Album after album, Mastodon set the pace for modern heavy metal. They took pole position fresh out of Atlanta some 14 years ago, and with album number six, Once More ‘Round the Sun, show no signs of giving it up. Theirs is one of the longest-running musical dynasties of the new millennium. Definitely the loudest.

Heavy music is typically a battlefield upon which the uninitiated dare not tread, but Mastodon unify the tribes. Their brand of aggression is brainy, technically dazzling and slightly hallucinogenic — metal for people who don’t listen to metal. At the same time, the band is so balls-out creative — in its zealous riffage, its metaphysical motifs, its visual components — that it energizes even the crustiest headbangers.

“Elegant” isn’t a term usually associated with neck-tatted, acid-eating heshers, but check out the last minute and a half of “Halloween,” a hidden highlight from Once More: Bill Kelliher’s guitar riff versus Brent Hinds’ guitar solo versus Brann Dailor’s double-time drums. The union is perfectly effortless — and freight-train powerful. Mastodon have built a career out of 90-second symphonies like this, inventing fresh ways to push the engine into overdrive with each record.

And that’s just one snippet from one deep cut on an album packed start to finish with some of Mastodon’s best material to date. Opener “Tread Lightly” eases in with a delicate 12-string acoustic before unleashing every ounce of the band’s ferocity. It’s a properly punishing introduction to Once More, an album threaded not by highbrow concept (as was Masto’s wont up until 2012’s The Hunter) but by the will to further elaborate the band’s sound. Second single “Chimes at Midnight” grinds like vintage Mastodon, with vocal duties shifting between Hinds and Sanders, the former Ozzie-esque, the latter pure screamo. First single “High Road” and “The Motherload” vie for best choruses on the album; “The Motherload” wins by virtue of Dailor’s suggestive foreshadowing: “This time/ Things will work out just fine.” Given the dimly lit foreboding that haunts the album, the sentiment is hard to believe.
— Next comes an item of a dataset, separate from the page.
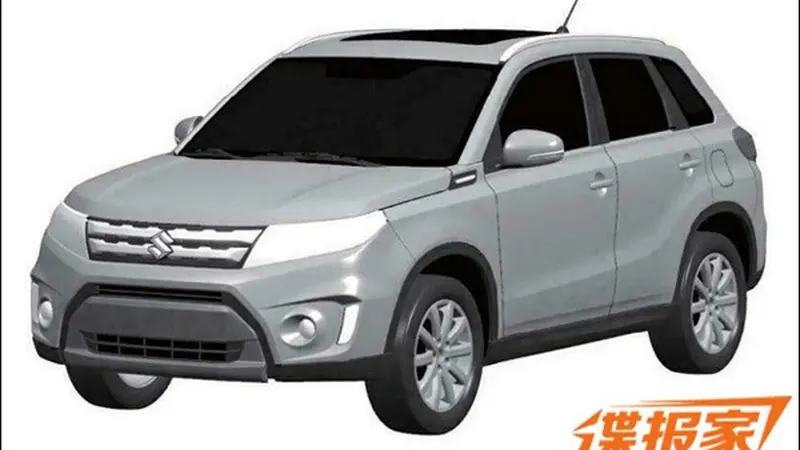 Suzuki Patenkan Desain All New Vitara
Mastodon enlisted fellow ATLiens the Coathangers to provide the cheerleader-chant finale of “Aunt Lisa” (“Hey ho! Let’s fucking go!”); the friction between power-thrash and girlish pep reveals the kind of subtle sense of humor the band keeps mostly hidden in its music. In these sing-along moments — not pop but populist — Mastodon reach out to the world at large. While the rest of heavy music’s luminaries follow in their wake, Mastodon’s sound — and their ambition — is bigger than metal.